## [TASK]
Only the pictures should be dropped; copy the rest of the entries exactly.

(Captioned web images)
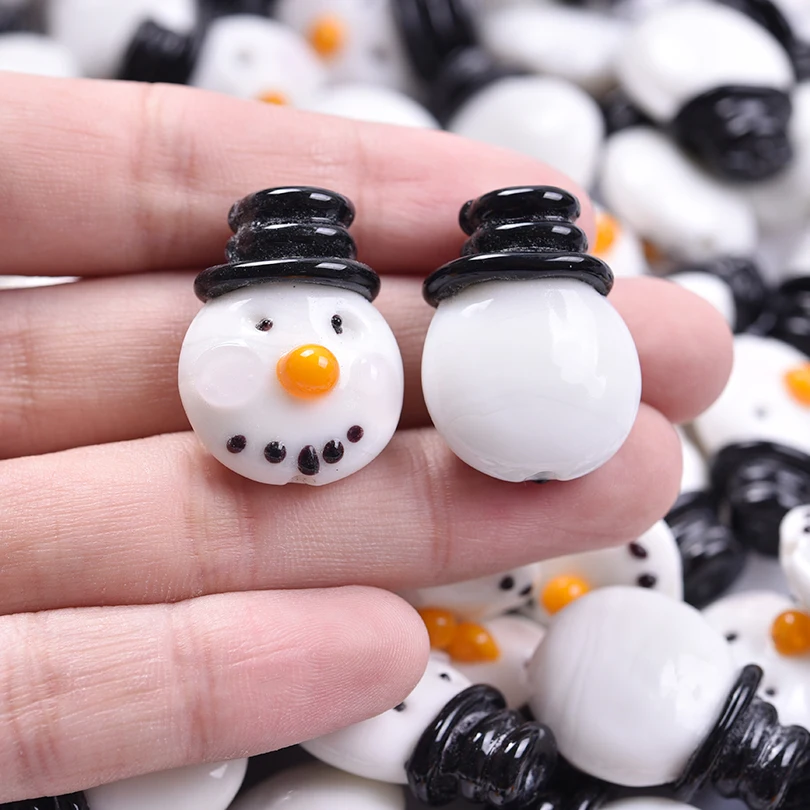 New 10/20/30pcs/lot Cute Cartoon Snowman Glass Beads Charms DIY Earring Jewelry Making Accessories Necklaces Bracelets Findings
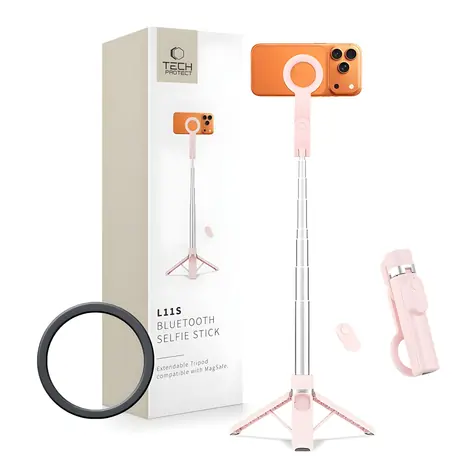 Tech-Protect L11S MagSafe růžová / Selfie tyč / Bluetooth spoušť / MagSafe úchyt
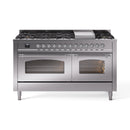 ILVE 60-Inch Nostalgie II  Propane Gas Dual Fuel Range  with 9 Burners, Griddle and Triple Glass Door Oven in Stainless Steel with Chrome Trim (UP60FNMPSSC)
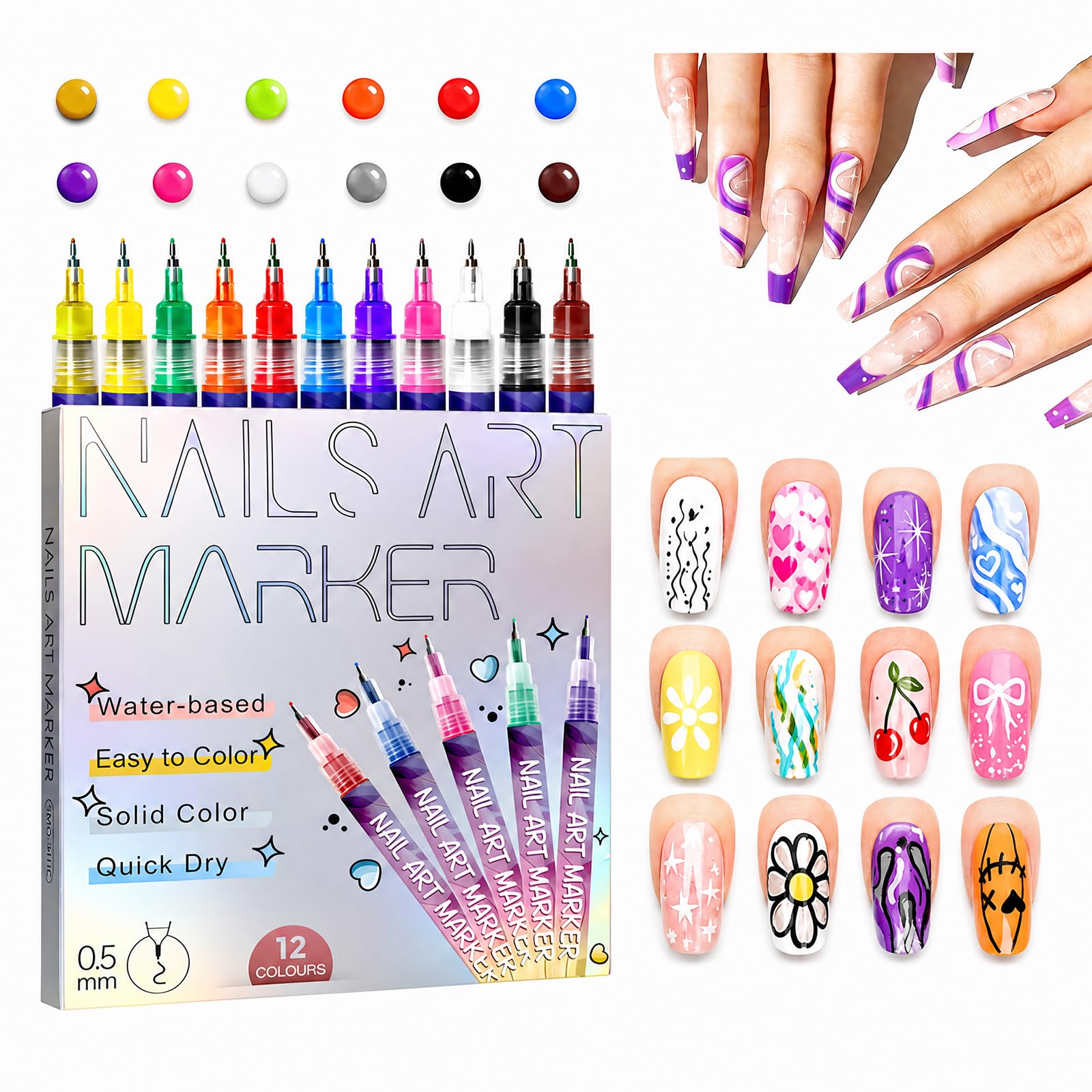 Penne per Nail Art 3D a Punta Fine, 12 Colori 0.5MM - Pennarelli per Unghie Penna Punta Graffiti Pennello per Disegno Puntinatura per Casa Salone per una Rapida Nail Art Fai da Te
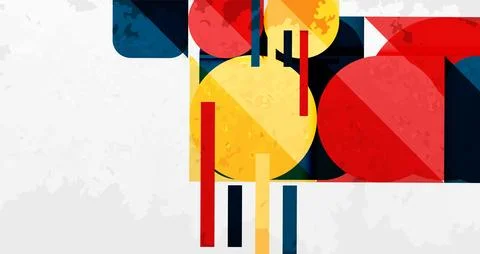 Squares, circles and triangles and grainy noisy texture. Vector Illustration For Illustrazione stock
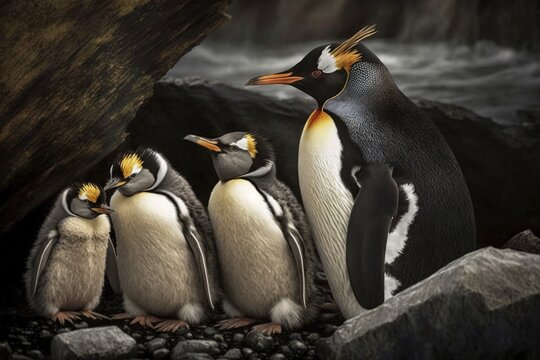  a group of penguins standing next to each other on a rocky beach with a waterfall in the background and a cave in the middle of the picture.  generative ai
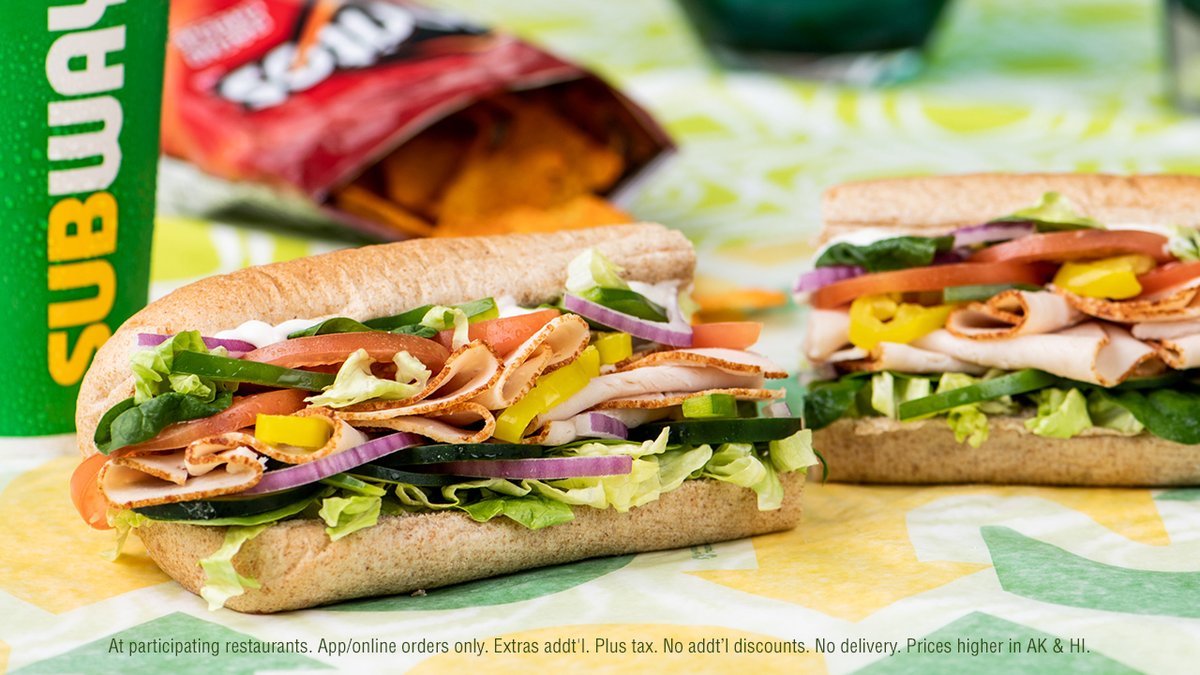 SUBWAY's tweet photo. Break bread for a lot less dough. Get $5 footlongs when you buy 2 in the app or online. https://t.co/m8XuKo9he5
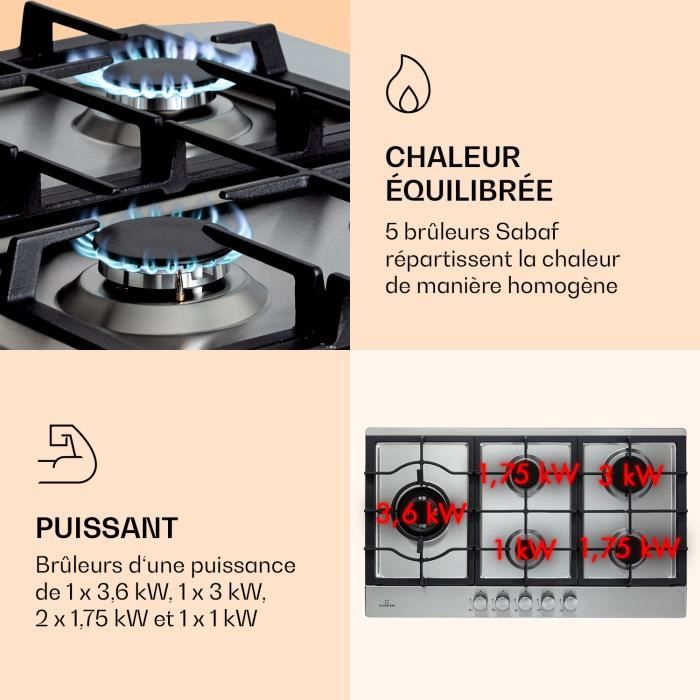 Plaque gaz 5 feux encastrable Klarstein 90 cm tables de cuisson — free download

## [RESULT]
 New 10/20/30pcs/lot Cute Cartoon Snowman Glass Beads Charms DIY Earring Jewelry Making Accessories Necklaces Bracelets Findings
 Tech-Protect L11S MagSafe růžová / Selfie tyč / Bluetooth spoušť / MagSafe úchyt
 ILVE 60-Inch Nostalgie II  Propane Gas Dual Fuel Range  with 9 Burners, Griddle and Triple Glass Door Oven in Stainless Steel with Chrome Trim (UP60FNMPSSC)
 Penne per Nail Art 3D a Punta Fine, 12 Colori 0.5MM - Pennarelli per Unghie Penna Punta Graffiti Pennello per Disegno Puntinatura per Casa Salone per una Rapida Nail Art Fai da Te
 Squares, circles and triangles and grainy noisy texture. Vector Illustration For Illustrazione stock
  a group of penguins standing next to each other on a rocky beach with a waterfall in the background and a cave in the middle of the picture.  generative ai
 SUBWAY's tweet photo. Break bread for a lot less dough. Get $5 footlongs when you buy 2 in the app or online. https://t.co/m8XuKo9he5
 Plaque gaz 5 feux encastrable Klarstein 90 cm tables de cuisson — free download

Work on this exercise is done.